¡Tambores rudos y graves cuernos! Y viento, siempre el viento, a veces gemido y otras rugiendo mientras subía por la Laguna de la Mosca hasta la atalaya de piedra y laja donde me encontraba.
Y siempre después del poderoso soplido la temida calma, y aquellos sonidos, cada vez más potentes y más terribles: se oían cánticos y palabras timbradas por lenguas de fuego y exhaladas por pulmones encharcados. Cada vez mayores eran las pausas y más tiempo pasaba desde que el viento las hacia callar. Yo me desesperaba entonces, como si fuera la ventolera, la respiración del ser más querido que veía desvanecerse y perder fuelle.
En aquel instante debí de perder la cordura.
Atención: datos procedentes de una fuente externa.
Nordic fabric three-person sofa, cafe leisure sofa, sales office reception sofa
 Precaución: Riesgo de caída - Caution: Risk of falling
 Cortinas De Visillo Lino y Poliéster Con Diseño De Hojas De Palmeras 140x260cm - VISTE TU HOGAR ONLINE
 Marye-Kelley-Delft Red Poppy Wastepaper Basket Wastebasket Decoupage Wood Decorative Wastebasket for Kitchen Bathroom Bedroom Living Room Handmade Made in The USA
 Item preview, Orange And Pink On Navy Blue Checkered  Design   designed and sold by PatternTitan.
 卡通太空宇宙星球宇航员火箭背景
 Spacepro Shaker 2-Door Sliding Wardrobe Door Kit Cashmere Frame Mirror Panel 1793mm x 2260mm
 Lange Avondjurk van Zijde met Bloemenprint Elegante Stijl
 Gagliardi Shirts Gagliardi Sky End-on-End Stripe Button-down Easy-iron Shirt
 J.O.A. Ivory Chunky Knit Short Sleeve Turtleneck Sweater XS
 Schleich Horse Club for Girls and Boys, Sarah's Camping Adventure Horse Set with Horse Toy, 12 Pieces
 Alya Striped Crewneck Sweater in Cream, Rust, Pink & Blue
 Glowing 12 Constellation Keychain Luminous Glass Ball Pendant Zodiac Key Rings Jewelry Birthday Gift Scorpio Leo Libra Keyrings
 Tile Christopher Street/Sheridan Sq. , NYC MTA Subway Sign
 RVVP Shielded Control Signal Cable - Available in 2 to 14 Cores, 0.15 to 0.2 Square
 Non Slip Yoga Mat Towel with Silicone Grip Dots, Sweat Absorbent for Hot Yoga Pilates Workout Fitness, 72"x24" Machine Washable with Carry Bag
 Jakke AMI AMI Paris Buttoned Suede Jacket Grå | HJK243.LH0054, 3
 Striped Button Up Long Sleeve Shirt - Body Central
Recuerdo que al poco de notar como el viento comenzaba a amainar una pena abrumadora se apoderó de mi, y de aquel sufrimiento que debió traer esa marea infernal supongo que provendrán las historias propias de un enajenado que relate a los montañeros que me rescataron al día siguiente.
Según me han contado, puesto que no recuerdo ya nada, me encontraron brincando por las cercanías de la Laguna de la Mosca mientras simulaba ser una cabra, de las pocas frases coherentes de las que pudieron extraer algún sentido contaron los montañeros que no paraba de repetir y loar el nombre de Mahmmud, a Mahmmud el Macho Cabrío y rey de los vientos de la Sierra.
Por lo que he podido saber después, algunas leyendas de los pastores serranos hablan de ciertos días en los que se puede escuchar como el viento trae a las laderas donde están los rebaños sonidos de músicas antiguas, y que entonces es normal ver como las cabras enloquecen y algunas se escapan brincando a lo más profundo de la Sierra para no volver jamás.
Todavía hoy, cuando sopla el viento, puedo sentir algo de esa pena tan salvaje que se apoderó de mi aquel día, y mi mirada siempre me lleva a la montaña donde el Gran Mahmmud reúne a las cabras para bailar y cantar los bailes prohibidos de tiempos remotos.